Unlike some timing interfaces, tick_count is guaranteed to be safe to use
across 
threads. It is valid to subtract tick_count values that were created by
different 
threads. A tick_count difference can be converted to seconds.
The resolution of tick_count corresponds to the highest resolution timing
service on 
the platform that is valid across threads in the same process. Since the CPU
timer 
registers are not valid across threads on some platforms, this means that
the 
resolution of tick_count can not be guaranteed to be consistent across
platforms. 

I'd be interested to see whether this works for you.

Chad

On 5/28/09 8:31 AM, "Rush Manbert" <ru...@manbert.com> wrote:

> Hi Chad,
> 
> It uses QueryPerformanceCounter on Windows. I'm going to go back and
> test my QPF code again. It's possible (oh so remotely possible ;-)
> that I screwed something up.
> 
> Best regards,
> Rush
> 
> On May 27, 2009, at 4:06 PM, Chad Walters wrote:
> <snip>
>> 
>> 2.  Did you look at Intel's Threading Building Blocks tick_count
>> implementation?
>> 
>

Re: Windows Timers - Seeking opinions

Posted by Rush Manbert <ru...@manbert.com>.

Hi Chad,

It uses QueryPerformanceCounter on Windows. I'm going to go back and  
test my QPF code again. It's possible (oh so remotely possible ;-)  
that I screwed something up.

Best regards,
Rush

On May 27, 2009, at 4:06 PM, Chad Walters wrote:
<snip>
>
> 2.  Did you look at Intel's Threading Building Blocks tick_count  
> implementation?
>

Re: Windows Timers - Seeking opinions

Posted by Chad Walters <Ch...@microsoft.com>.

Rush,

Not an area of expertise for me but I had a couple questions:


 1.  What problems were there using the Boost timer library?
 2.  Did you look at Intel's Threading Building Blocks tick_count implementation?

Chad

On 5/27/09 8:14 AM, "Rush Manbert" <ru...@manbert.com> wrote:

Hi all,

I have moved my Boostified Thrift C++ library code to my Windows XP
box and I now have the concurrency test running. It's slow as
anything, but I'm hoping that's because it's a 5 year old single CPU
Athlon 64. I know my new code is as fast as the current library on the
Mac.

It turned out that one of the biggest headaches in Windows was the
system timer. I read a lot of Internet posts and went through three
implementations before getting one that  is acceptable. There are,
however, tradeoffs and I was hoping that interested and knowledgeable
parties here might offer some opinions/insight.

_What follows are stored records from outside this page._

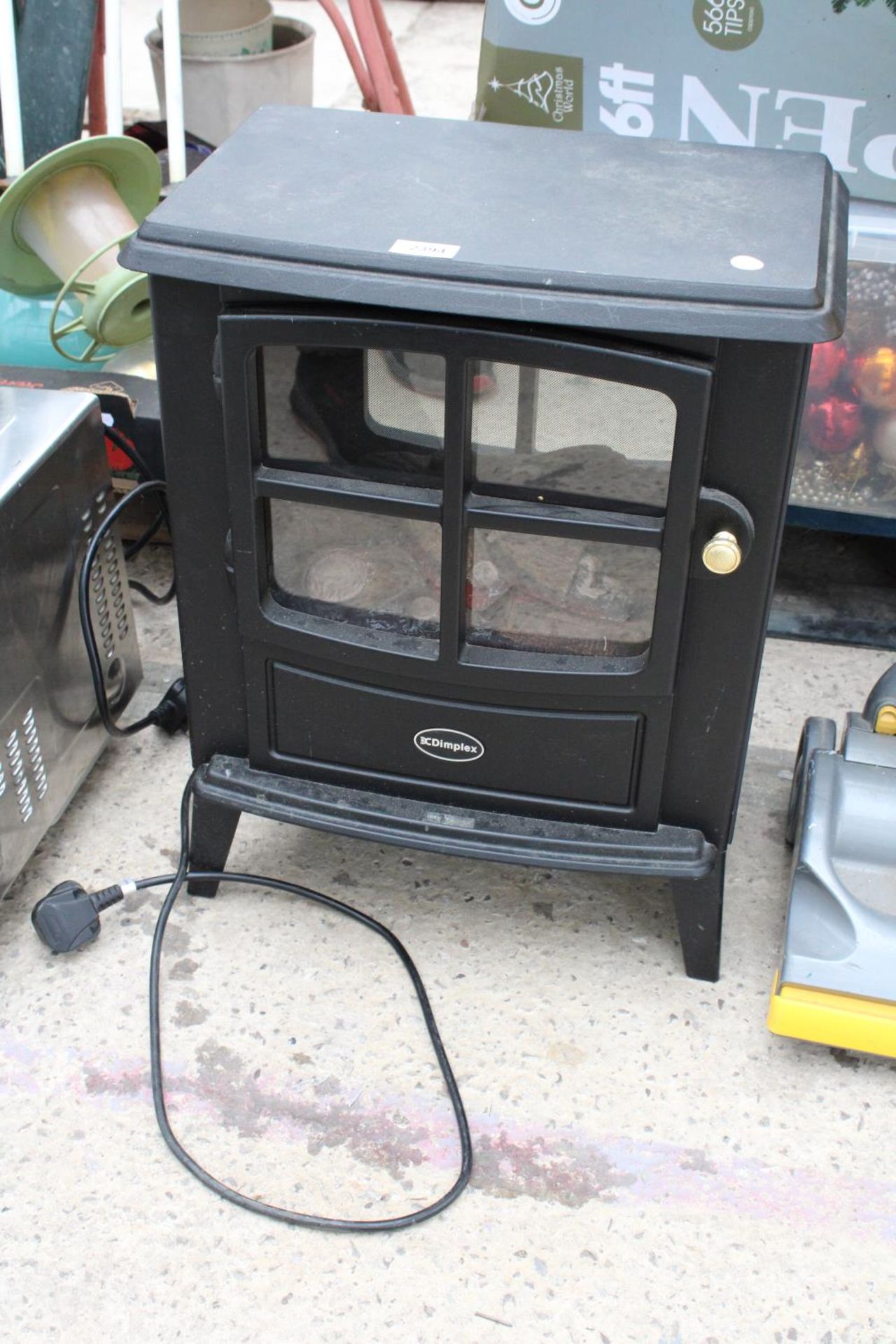 A DIMPLEX ELECTRIC FIRE IN THE FORM OF A LOG BURNER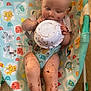 animal_print, baby, baby_chair, bowl, child, chocolate, cute, eating, face, feet, floor, food, hands, happy, highchair, indoor, infant, legs, messy, playful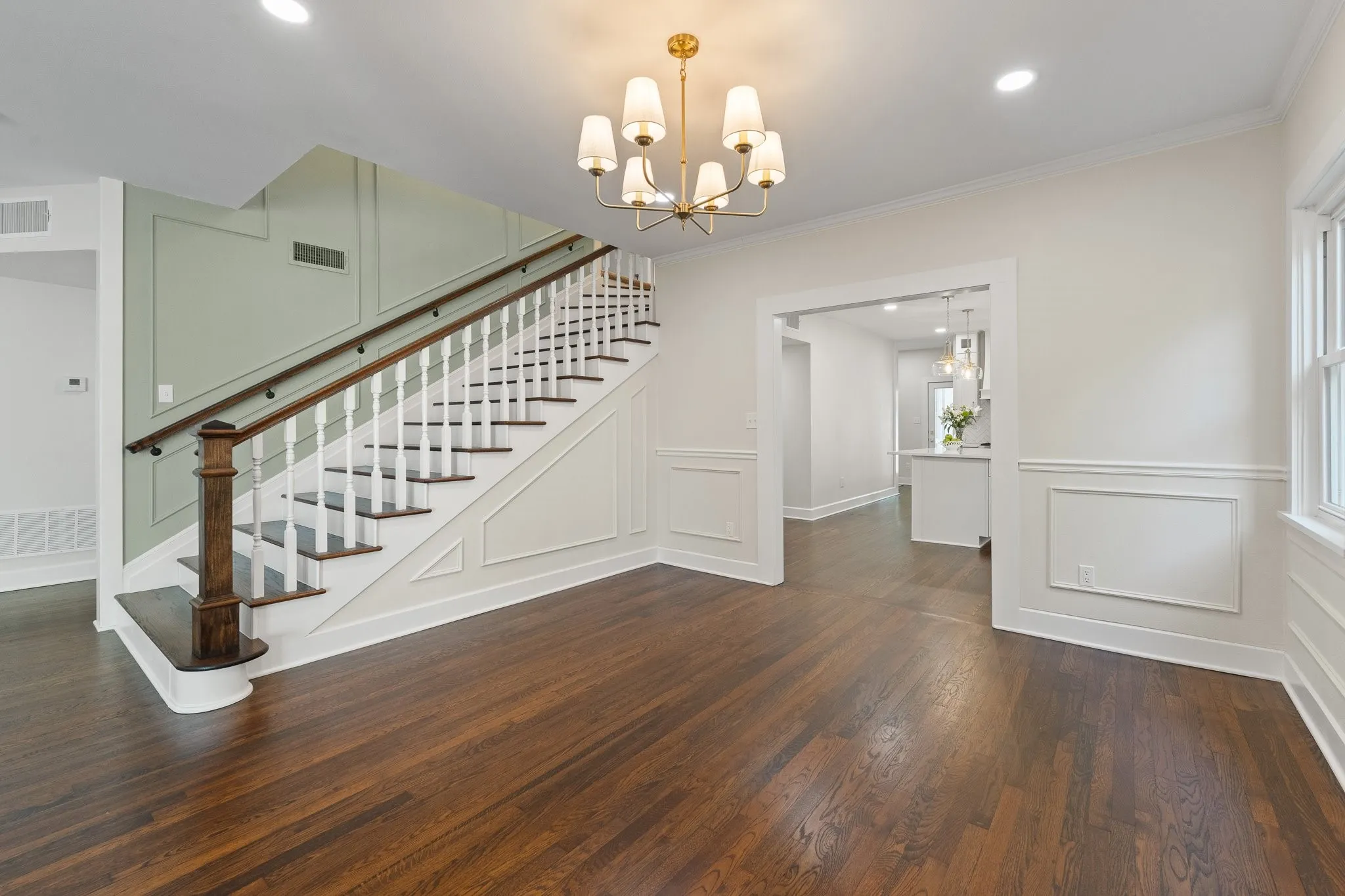 This is another shot of the large living room and the dining room. Tons of natural light!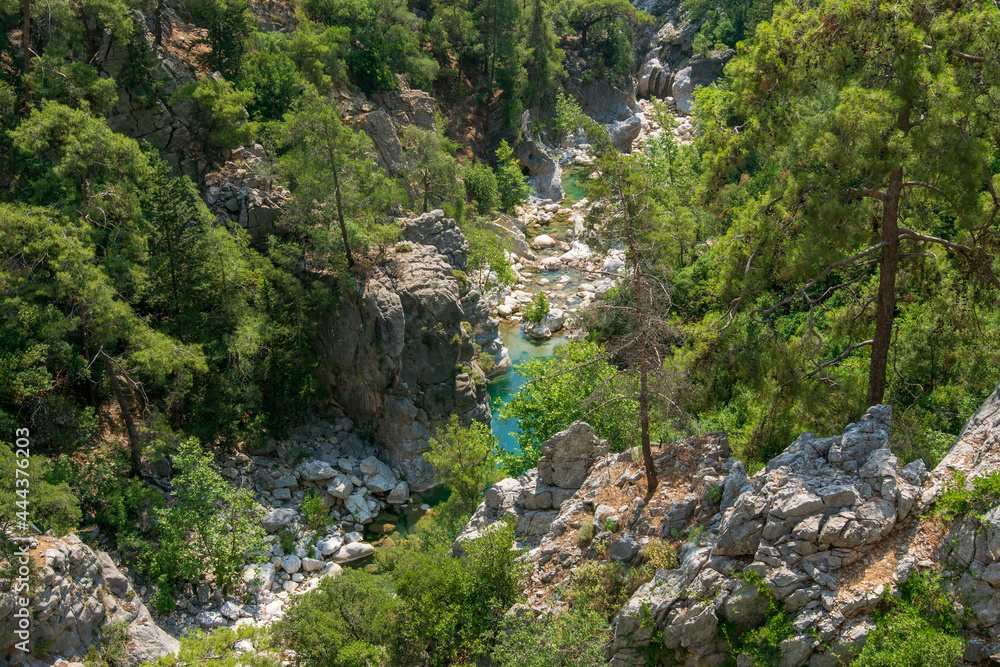 A canyon with a hiking trail. Mountain river. Part of the Lycian trail through the mountain range. A canyon with a hiking trail. Mountain river. Part of the Lycian trail through the mountain range.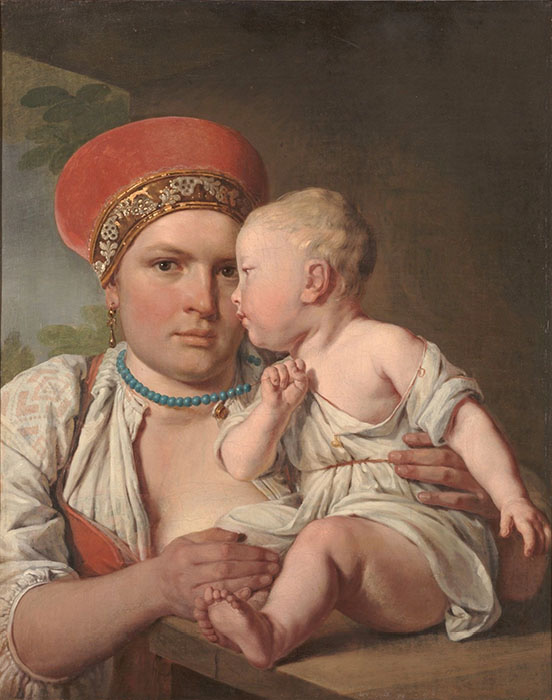 Woman with bare breast holds sitting child on the table in from of her; she is wearing a dangling earrings, a blue stone bead necklace, and a cylindrical hat with embroidered trim 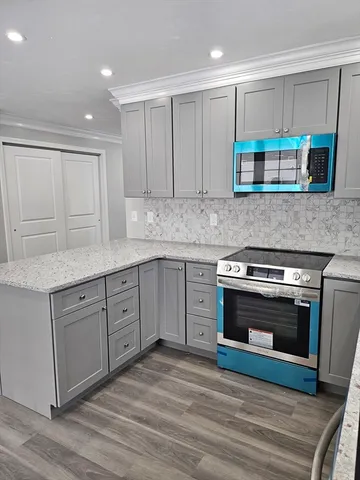 a kitchen with stainless steel appliances granite countertop a stove and a sink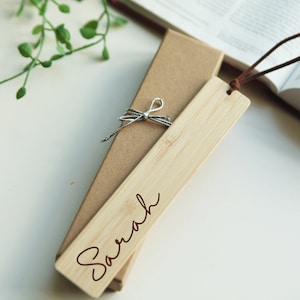 May include: A personalized wooden bookmark with the name "Sarah" engraved in brown lettering. The bookmark is tied with a silver ribbon and comes in a brown cardboard box.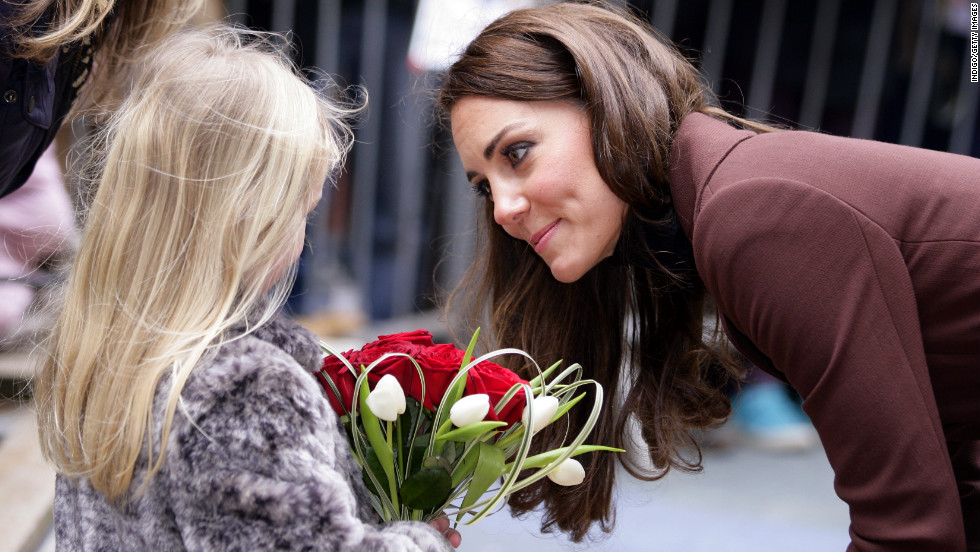 Catherine talks with a young girl as she arrives for a visit to Alder Hey Children&#39;s Hospital on February 14, 2012, in Liverpool, England. 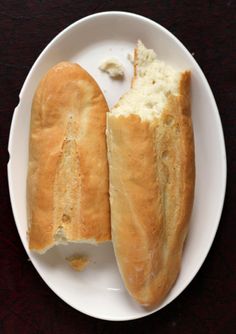 two loaves of bread on a white plate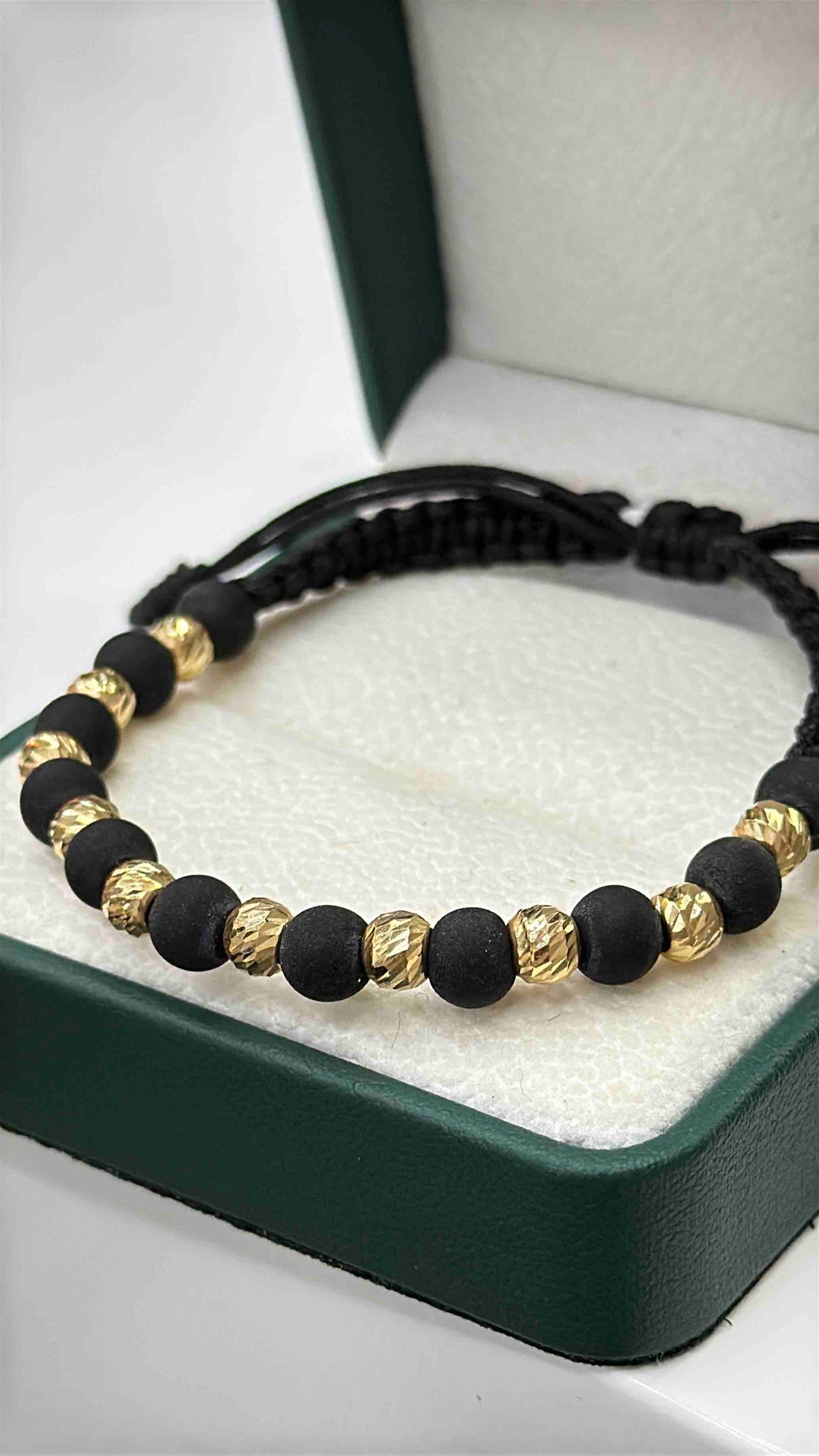 PULSERA TEJIDA ORO 18K NEGRA BOLAS NEOPRENO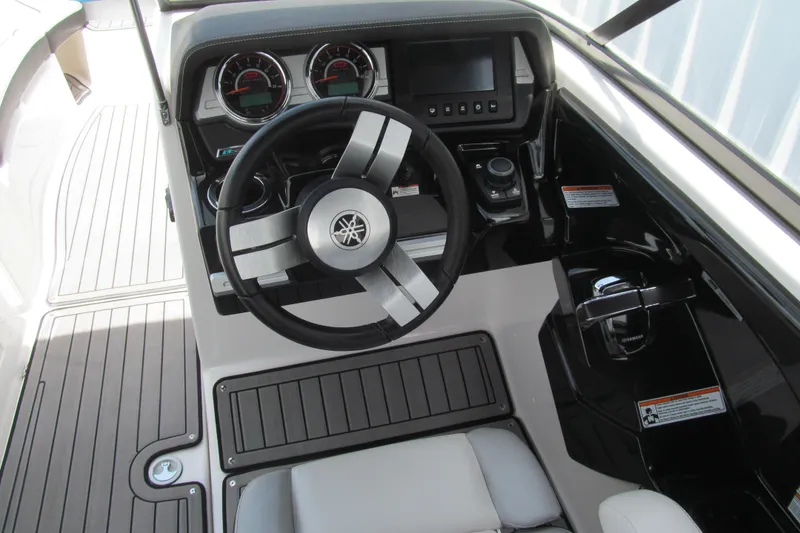 Slide: The Image of 2017 Yamaha Boats 242X E-Series dashboard with steering wheel and controls. - 4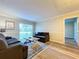 Living room with two sofas and a coffee table, access to hallway at 4507 S Oak Dr # P71, Tampa, FL 33611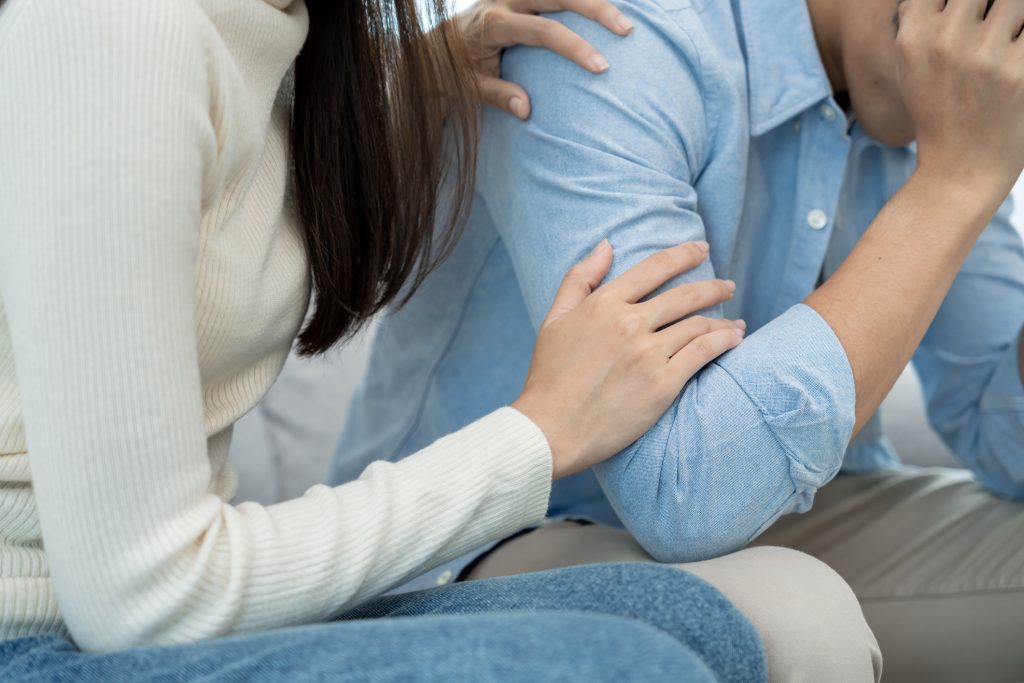 A person offering help to a loved one while maintaining healthy boundaries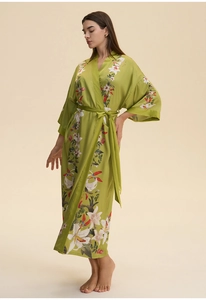 Detailed macro view of the satin floral print robe featuring elegant wide flared sleeves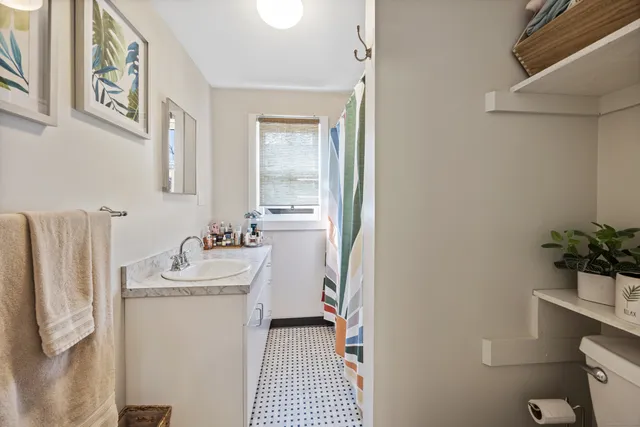 a bathroom with a sink toilet and tub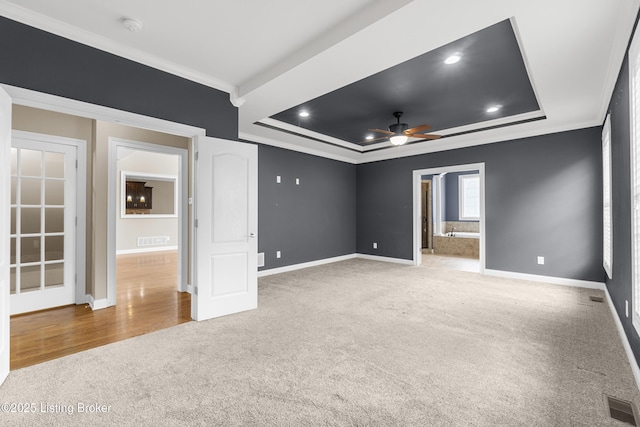 interior space featuring a raised ceiling, ornamental molding, and ceiling fan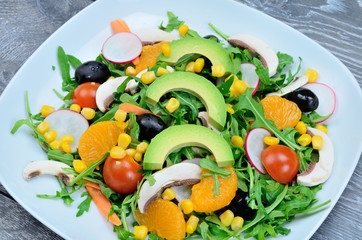 salad with avocado in dish on table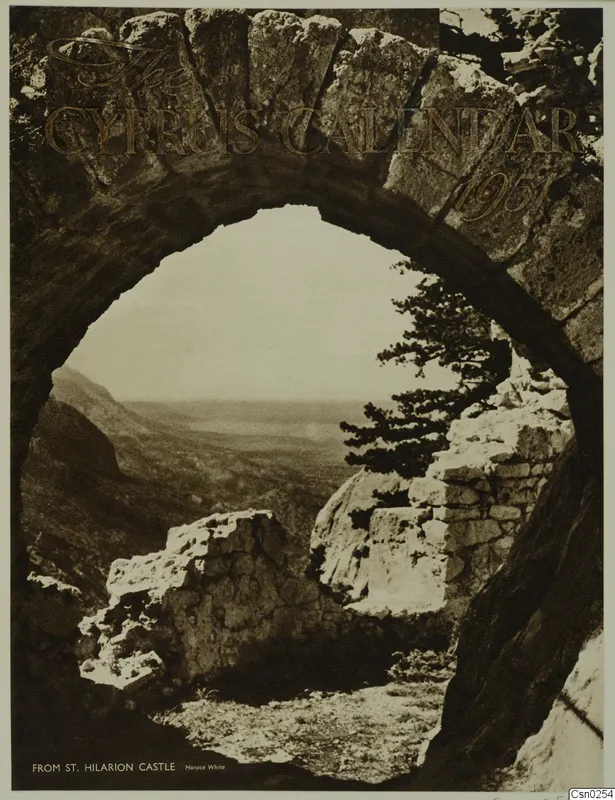 View through a stone arch over a hazy valley, with a tree and ruined walls, on a printed cover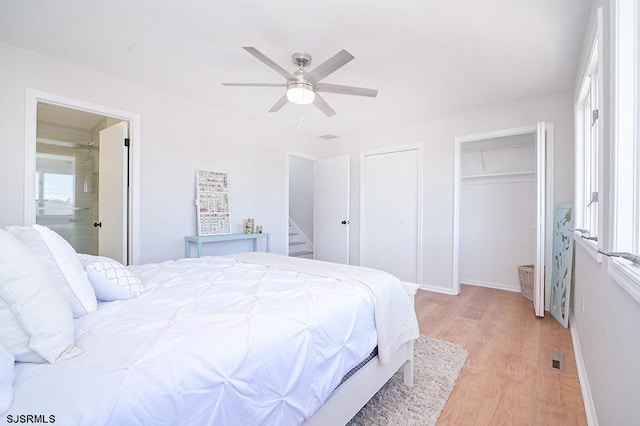 bedroom featuring light hardwood / wood-style flooring, ceiling fan, and multiple closets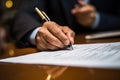 A close - up shot of a businessman signing a business contract. Generative AI Royalty Free Stock Photo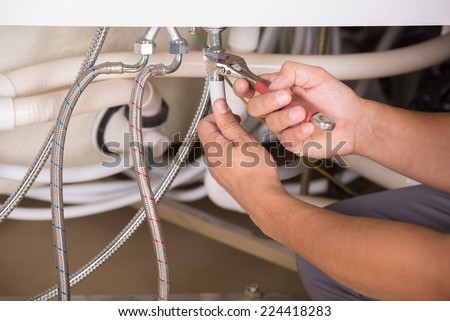 Hands repairing the plumbing pipes of an electric boiler with a spanner. Close-up.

The Windows system timer is just basically crappy. The millisecond
epoch time clock provided by the C runtime library really updates at
about 60 hz, and they just change it to whatever the current
millisecond count should be. And when the system gets busy (lots of
threads) the update becomes very haphazard.

The highest precision timer is the performance counter, which runs at
some frequency that is subdivided off the CPU clock or a peripheral
clack. On my system it runs at about 3.5 Megahertz, so it's plenty
fast. But it has its own problems. From what I have read, it can slow
down because of power save modes on the computers, and each core in a
multi core machine has its own counter. This means that if your
process gets moved between cores, the timer reading can change, and it
can possibly appear to go backward. I believe we could get around that
by remembering the last time value that was returned, and just not
letting time go backward. For the purposes of Thrift, I think that
would work. I don't know how to handle it if the timer can really slow
down, though.

The last one that I tried, after reading about the nasties in the
performance counter, is timeGetTime(). This gives the count of
milliseconds since Windows was started. As long as you calibrate it
against the epoch time on the first access (same thing has to be done
if you use the performance counter), it seems to give good results
with millisecond accuracy. However, in order to use it you must link
against Winmm.lib/dll. This appears to be a safe choice, as the dll is
supplied with all Windows systems.

So at this point, I'm planning to go with timeGetTime(), making it a
requirement that all Windows apps that use Thrift be linked against
Winmm.dll. Do I hear any well reasoned objections or alternatives?

Thanks,
Rush